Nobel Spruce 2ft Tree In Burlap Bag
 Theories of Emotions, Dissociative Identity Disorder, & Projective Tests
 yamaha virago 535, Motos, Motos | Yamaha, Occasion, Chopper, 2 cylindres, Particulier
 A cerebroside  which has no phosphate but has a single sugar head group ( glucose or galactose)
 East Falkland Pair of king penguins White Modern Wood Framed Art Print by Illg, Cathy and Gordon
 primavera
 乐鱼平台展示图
========
In the listing above, find the line containing "Theories of Emotions, Dissociative" and the line containing "glucose or galactose)", then retype both and every line between them exactly, with nothing else.

Written solution>
 Theories of Emotions, Dissociative Identity Disorder, & Projective Tests
 yamaha virago 535, Motos, Motos | Yamaha, Occasion, Chopper, 2 cylindres, Particulier
 A cerebroside  which has no phosphate but has a single sugar head group ( glucose or galactose)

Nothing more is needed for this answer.